[Data supplied — start]

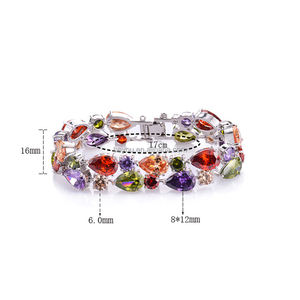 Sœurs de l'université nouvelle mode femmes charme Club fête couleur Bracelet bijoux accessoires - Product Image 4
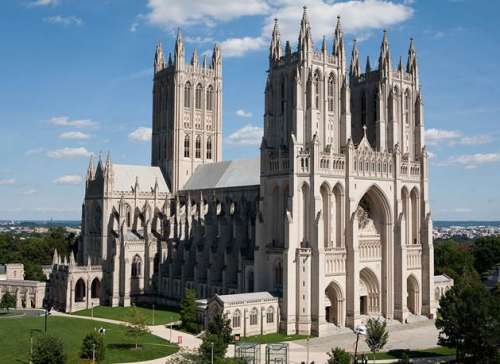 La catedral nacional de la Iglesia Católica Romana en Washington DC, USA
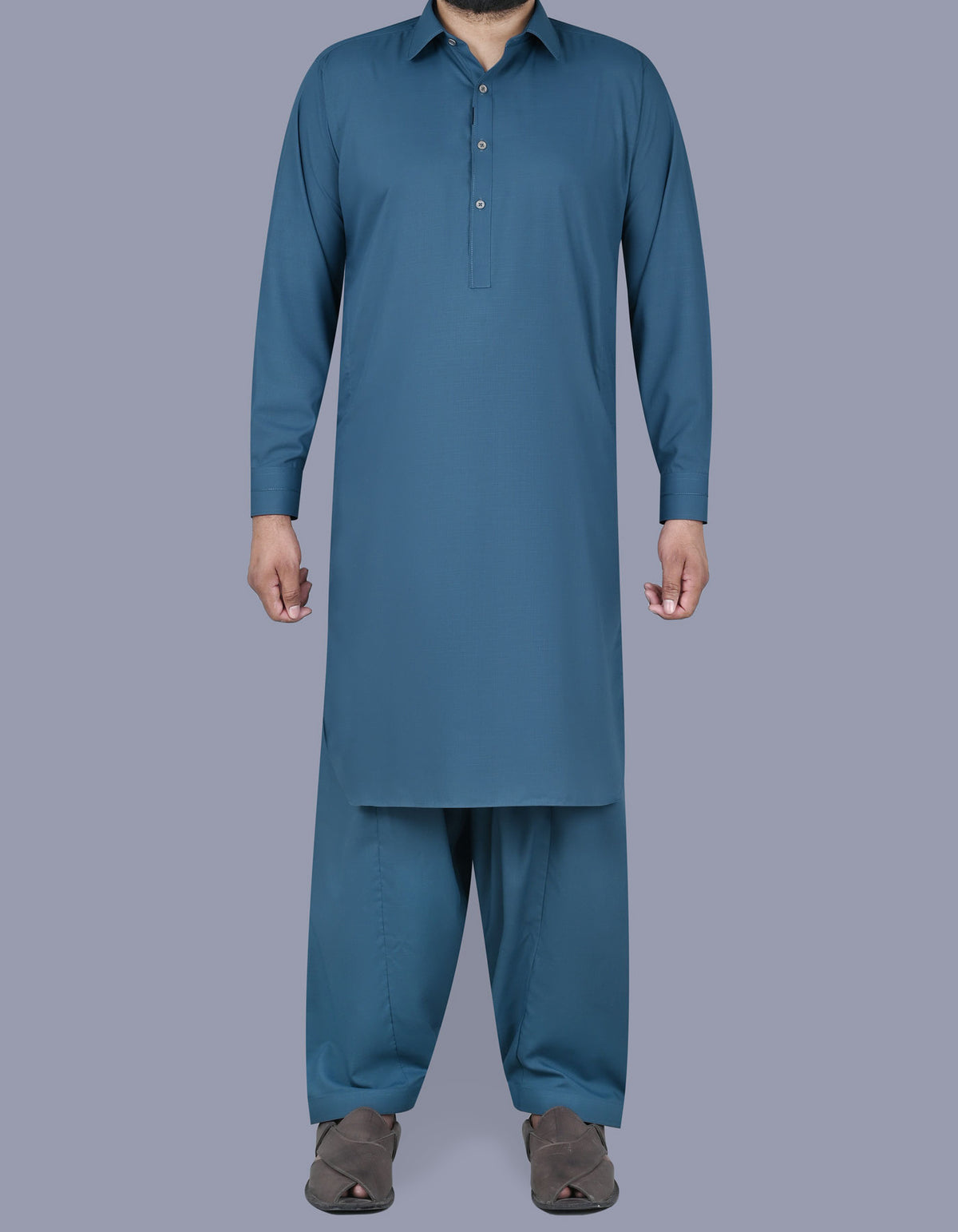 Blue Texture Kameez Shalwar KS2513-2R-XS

[Data supplied — finish]
[Data supplied — start]

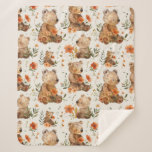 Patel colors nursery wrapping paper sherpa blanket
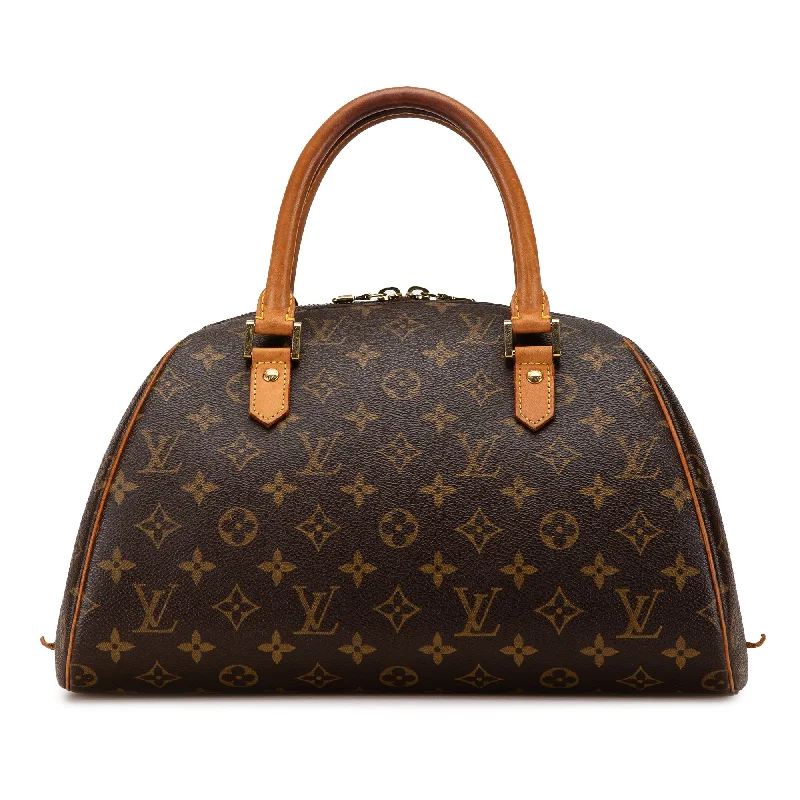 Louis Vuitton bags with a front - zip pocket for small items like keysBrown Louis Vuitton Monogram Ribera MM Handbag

[Data supplied — finish]
[Data supplied — start]

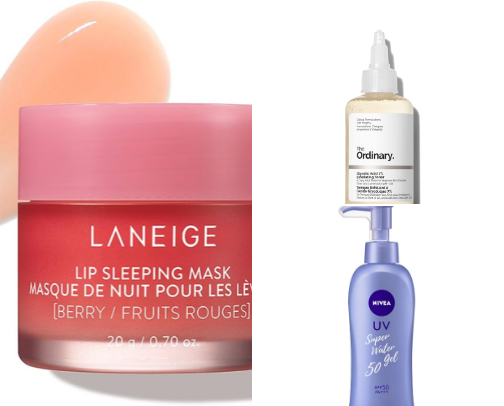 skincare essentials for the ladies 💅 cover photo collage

[Data supplied — finish]

Return, exactly as they stand, the lines above from the one with "Patel colors nursery" to the one with "Louis Vuitton bags", omitting any pictures among them.

 Patel colors nursery wrapping paper sherpa blanket
 Louis Vuitton bags with a front - zip pocket for small items like keysBrown Louis Vuitton Monogram Ribera MM Handbag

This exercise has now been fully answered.